Godne pożegnanie weteranów
Przemysław Saleta pokonał w szóstej rundzie Andrzeja Gołotę po walce, która kończy kariery ich obu.
Korespondencja z Gdańska
Saleta obiecywał wojnę w ringu, dużo ciosów, wielkie emocje, i dotrzymał słowa. Zaskoczył Gołotę, który słabł z minuty na minutę, czterokrotnie wypluwał ochraniacz na szczękę, za co sędzia Leszek Jankowiak odebrał mu dwa punkty. Ale to on po piątej rundzie prowadził na kartach punktowych u dwóch sędziów (trzeci widział remis).
Pod koniec szóstego starcia Saleta trafił kilka razy, później odepchnął Gołotę i ten padł na matę. – To była kumulacja ciosów, miałem prawo go wyliczyć – powiedział „Rz" Jankowiak, który nie zgadzał się z punktacją swoich kolegów. Jego zdaniem to Saleta był lepszy do momentu przerwania walki.

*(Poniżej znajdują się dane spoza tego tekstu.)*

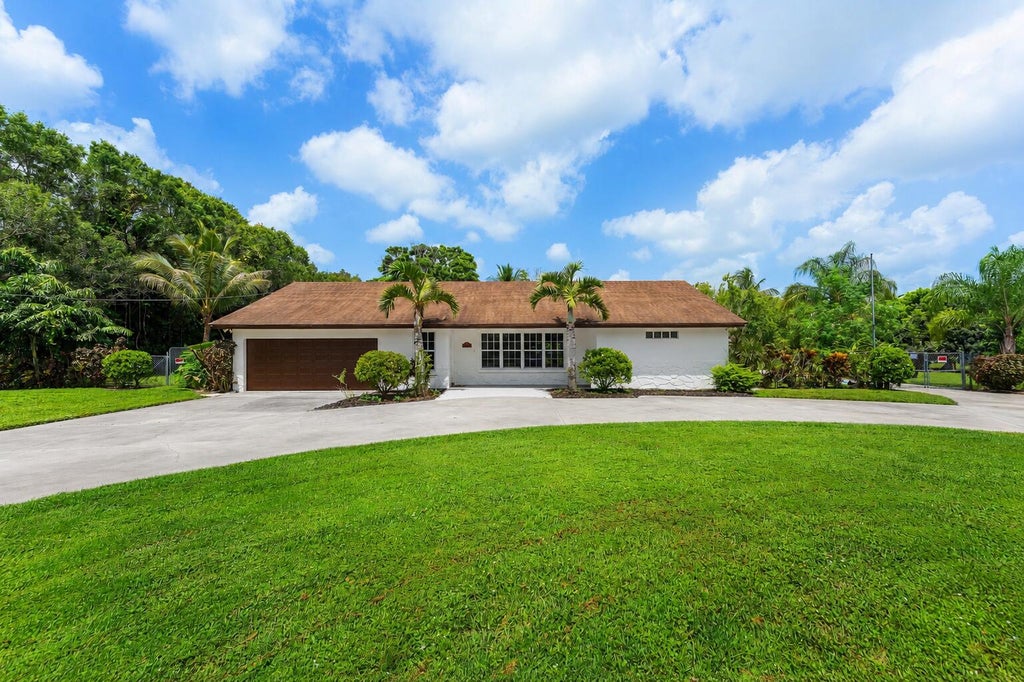 Photo of 5313 Colbright Road, Lake Worth, FL 33467 (MLS # B26054813)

To był niezapomniany wieczór w trójmiejskiej Ergo Arenie. 13 tys. widzów (najdroższe bilety po 3000 zł) czekało prawie do północy na walkę Gołoty z Saletą, danie główne Polsat Boxing Night II. Z nieoficjalnych informacji wiemy, że transmisje w...
Archiwum Rzeczpospolitej to wygodna wyszukiwarka archiwalnych tekstów opublikowanych na łamach dziennika od 1993 roku. Unikalne źródło wiedzy o Polsce i świecie, wzbogacone o perspektywę ekonomiczną i prawną.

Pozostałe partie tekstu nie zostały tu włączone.